• _Your goal_: Pictures aside, please retype the whole listing word for word.

• _Supplied data_:

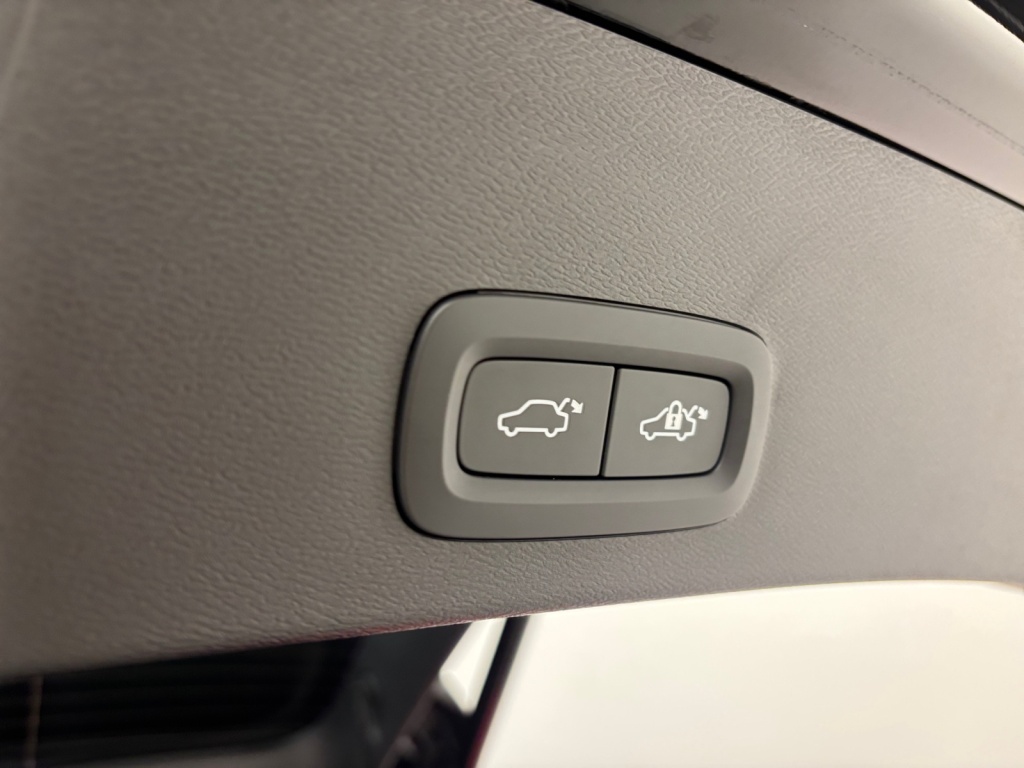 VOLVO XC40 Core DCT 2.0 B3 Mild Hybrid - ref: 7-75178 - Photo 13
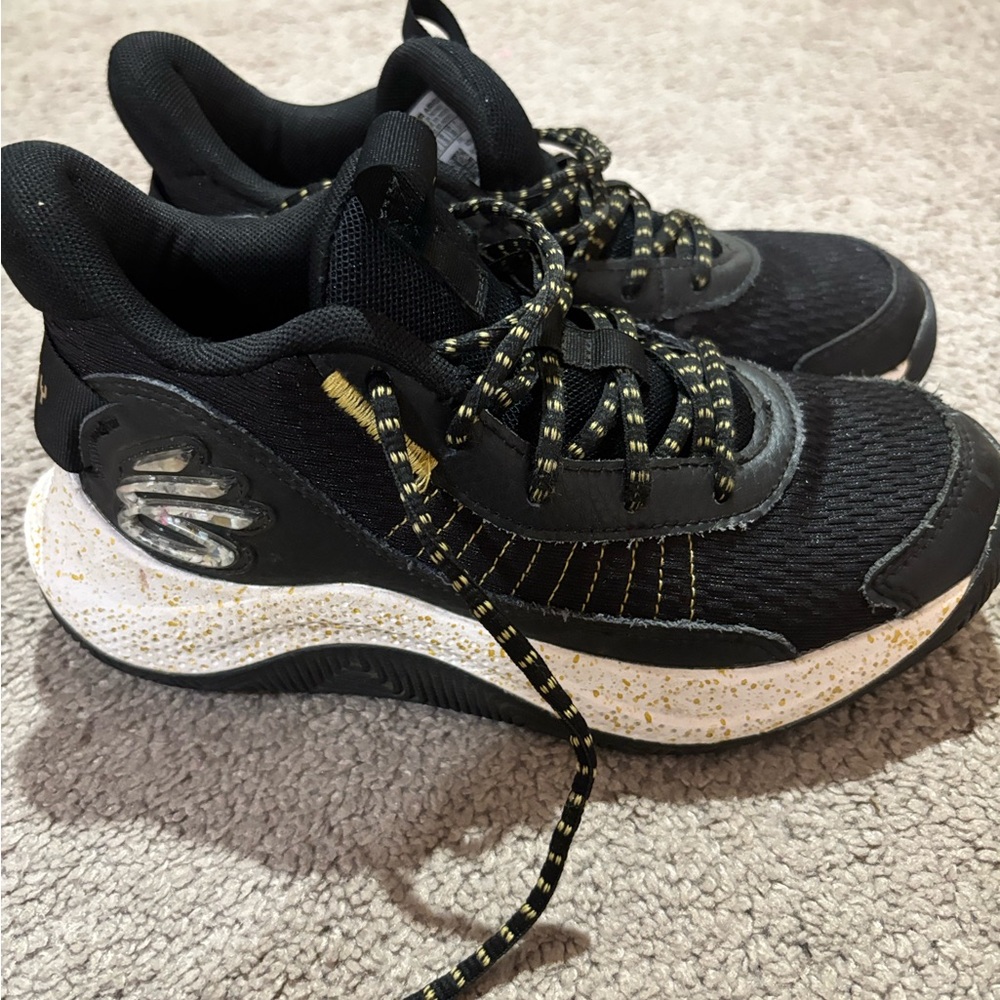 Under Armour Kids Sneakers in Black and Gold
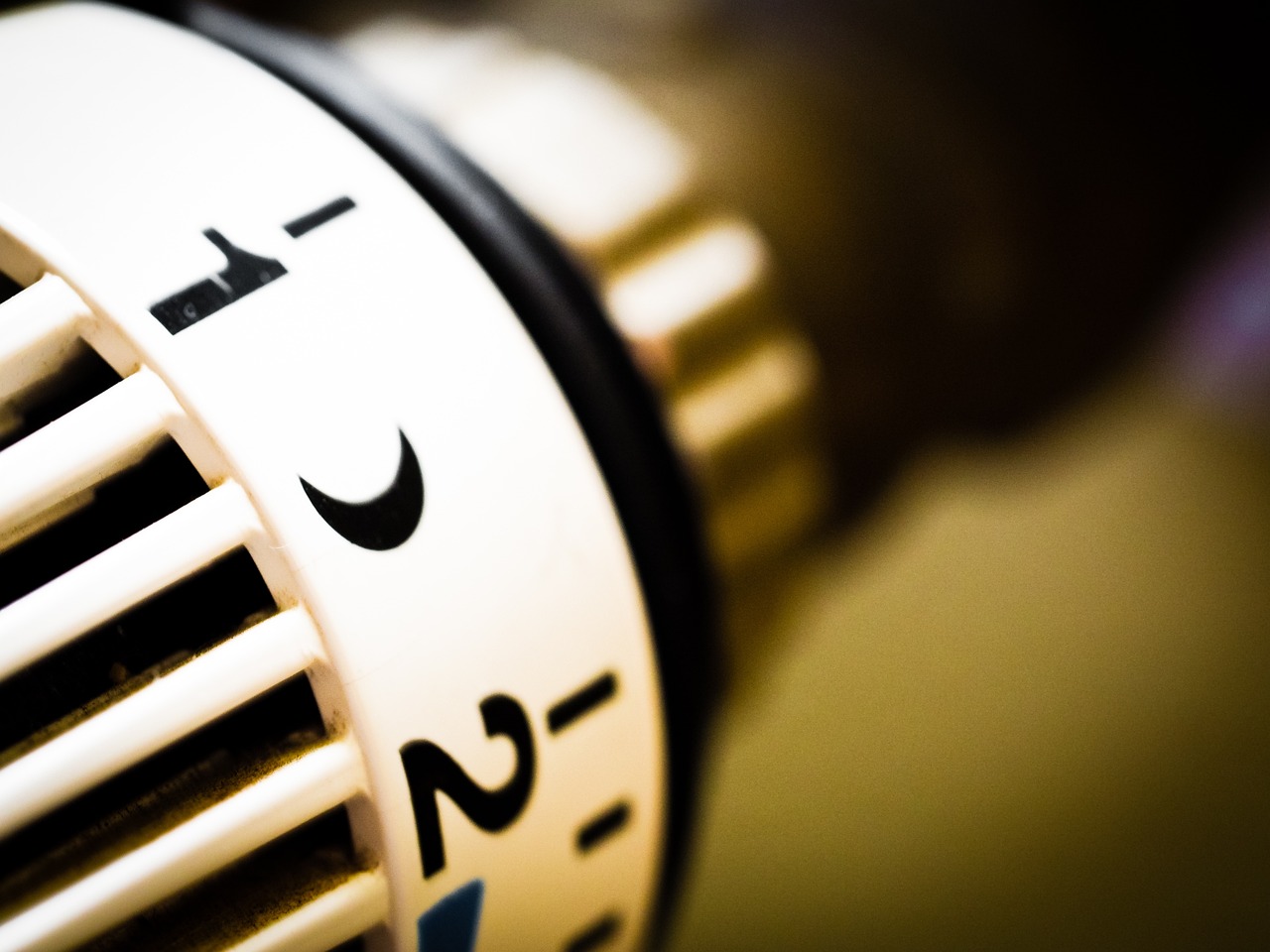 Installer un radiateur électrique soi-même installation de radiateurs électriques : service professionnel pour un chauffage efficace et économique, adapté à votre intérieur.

• _Solution to the problem_:
 VOLVO XC40 Core DCT 2.0 B3 Mild Hybrid - ref: 7-75178 - Photo 13
 Under Armour Kids Sneakers in Black and Gold
 Installer un radiateur électrique soi-même installation de radiateurs électriques : service professionnel pour un chauffage efficace et économique, adapté à votre intérieur.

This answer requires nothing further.